FEATURE · Employee Payroll

TDS and 80C, sorted before March panic.

Teachers declare their tax regime and investments once. Inkwelly computes monthly TDS, tracks proofs through the year, and regenerates Form 16 in seconds — so March stops being the month nobody at the school looks forward to.

Employee Payroll TDS and 80C Investment Declarations inkewelly

What 'TDS season' looks like in most Indian schools

February in the school office. The accountant has a spreadsheet open on one screen and a stack of paper proofs on the other. PPF passbooks, LIC premium receipts, school tuition fee receipts (yes, teachers' own children study at the same school), home loan interest certificates, rent receipts, NPS statements, mediclaim premium statements. The accountant types each number into a column, hits Enter, and a formula spits out the year-end TDS for every teacher. Half the values are wrong because two columns swapped row order somewhere in November.

The principal sends a WhatsApp at 9pm: 'Sharma sir says he has submitted PPF and HRA, but his March slip shows ₹14,000 TDS. Please check.' The accountant reopens the spreadsheet, finds the error, fixes one cell, and now the year-end totals for three other teachers have shifted because the same workbook had cross-references no one remembered. By the time Form 16s are issued in May, two teachers file revised returns at their own cost.

This is not a school problem. It is a tool problem. Excel cannot model the old regime versus new regime decision, cannot remember which proofs are still pending in October, cannot regenerate Form 16 the moment a number changes.
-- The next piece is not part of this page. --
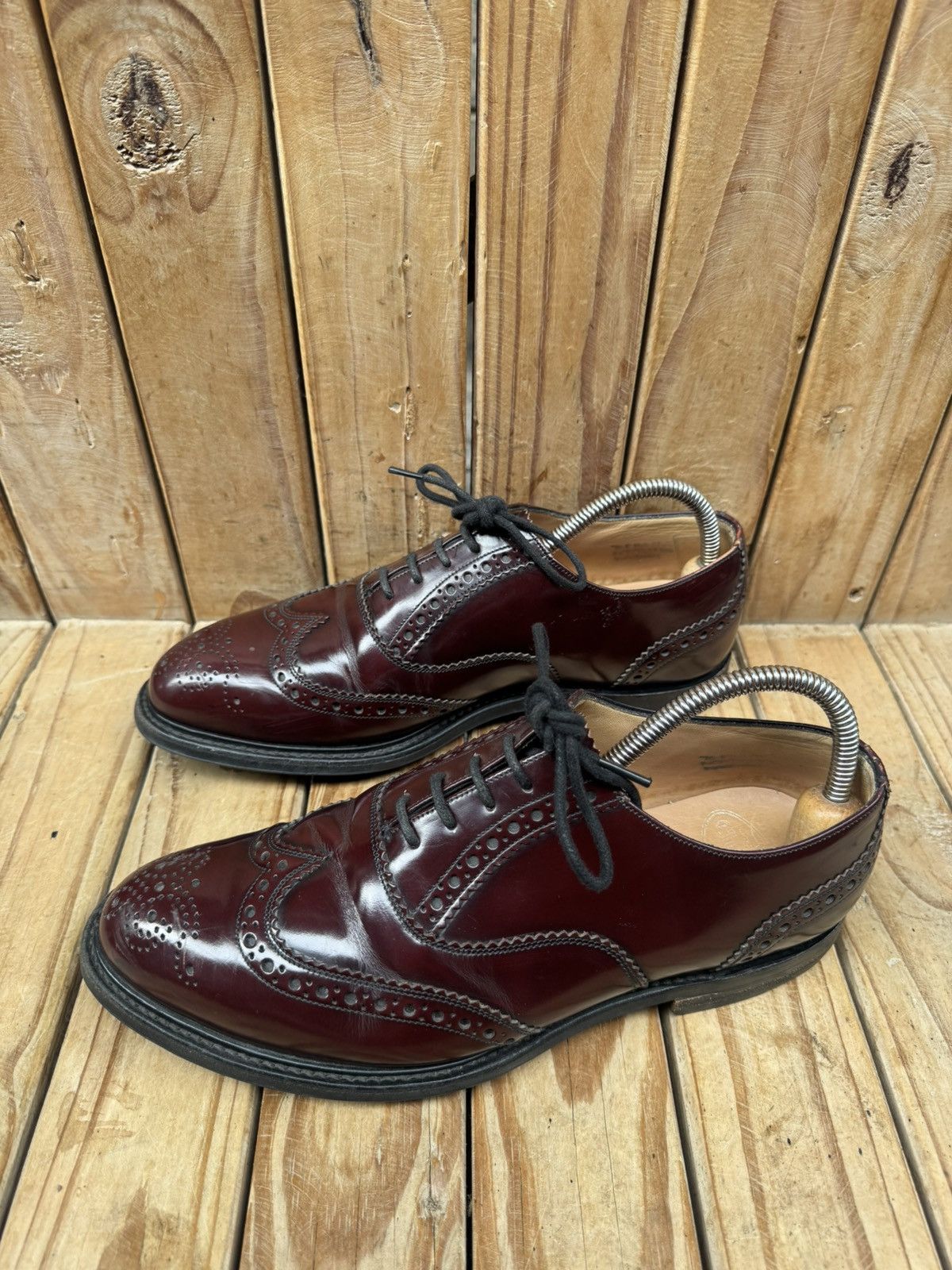 Church's Church’s ‘WAREHAM’ brown wingtip brogue Mens shoes US 8 F Size US 8 / EU 41 - 5 Thumbnail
Inkwelly does.

How the declaration flow works

At the start of every financial year (April), every employee on Inkwelly is prompted to file a fresh Investment Declaration. The teacher logs into the employee portal, picks a tax regime — old or new — and enters expected investments and exemptions for the year: 80C (PPF, ELSS, LIC, tuition fees, home loan principal), 80D (mediclaim for self and parents), HRA (city of residence, monthly rent, landlord PAN if rent exceeds the cut-off), 80CCD(1B) NPS additional, 80E education loan interest, 80TTA savings interest, and home loan interest under Section 24.

The declaration is captured as a year-plan, not a final filing. Each row says 'I expect to invest ₹X under section Y by 31 March 2027'. The school's accountant approves the declaration (or sends it back with a note) and from that moment, every monthly TDS computation uses the declared figures to project the year-end tax liability and split it equally across the 12 months — so the teacher sees a stable monthly TDS instead of a spike at year-end.
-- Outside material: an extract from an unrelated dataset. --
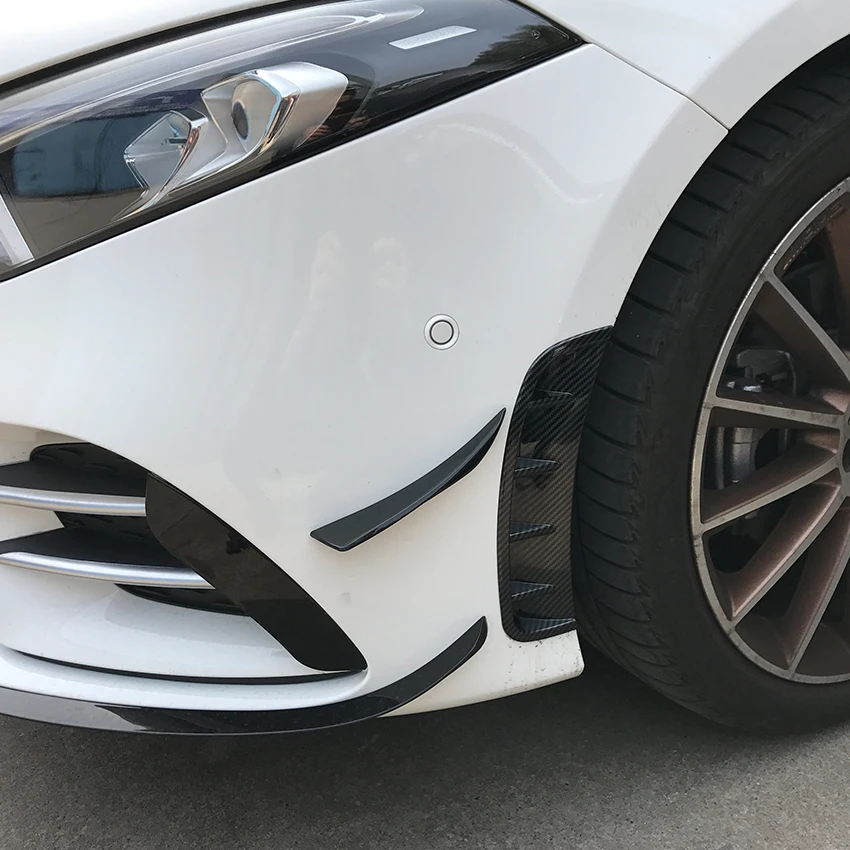 Для Mercedes Benz A класс W177 A180 A200 A220 A250 спортивные переднего бампера воздуха на выходе наклейки Накладка аксессуары для стайлинга автомобилей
In January, every teacher is asked to submit proof for what they declared. PPF passbook scan, LIC premium receipt, rent agreement, mediclaim policy. Inkwelly tracks each proof against the declared row — verified, pending, rejected. If a proof is rejected or missing by the school's cut-off date (usually mid-February), Inkwelly automatically recomputes February and March TDS to recover the under-deducted tax in those two payslips. No surprise refund. No surprise demand. Read more in the pay periods workflow.

Old regime vs new regime, decided once

From FY 2023-24 onwards, the new tax regime is the default for salaried employees in India. The old regime is now an opt-in choice that must be declared every year. Inkwelly captures this declaration on the very first form — the teacher picks one, the regime locks for the financial year, and every payslip from April onwards reflects that choice.

The new regime gets the standard ₹50,000 deduction, lower slab rates (0% up to ₹3 lakh, then 5%, 10%, 15%, 20%, 30%), and explicitly disallows 80C, 80D, HRA, home loan interest under Section 24. The old regime gets every exemption a school teacher in India typically claims. Inkwelly's projection shows both numbers side by side at declaration time — 'Old: ₹38,400. New: ₹62,000. Recommended: Old' — so the teacher sees the actual rupee impact before locking in.

Auto-recompute when something changes

The day the teacher updates her declared 80C from ₹80,000 to ₹1,50,000 (because she finally bought that ELSS), Inkwelly recomputes her year-end tax projection in milliseconds. The next monthly pay run — say, the November payslip — deducts a smaller TDS to balance the lower projected tax. By March, the year-end tax matches the actual liability without any year-end shock.

The same recompute fires when an arrears bonus is added in October, when the teacher gets an increment in July, when a proof is rejected in February. The accountant never has to remember to 'redo TDS'. Every payslip carries the latest projection — and every old payslip stays exactly as it was when it was locked.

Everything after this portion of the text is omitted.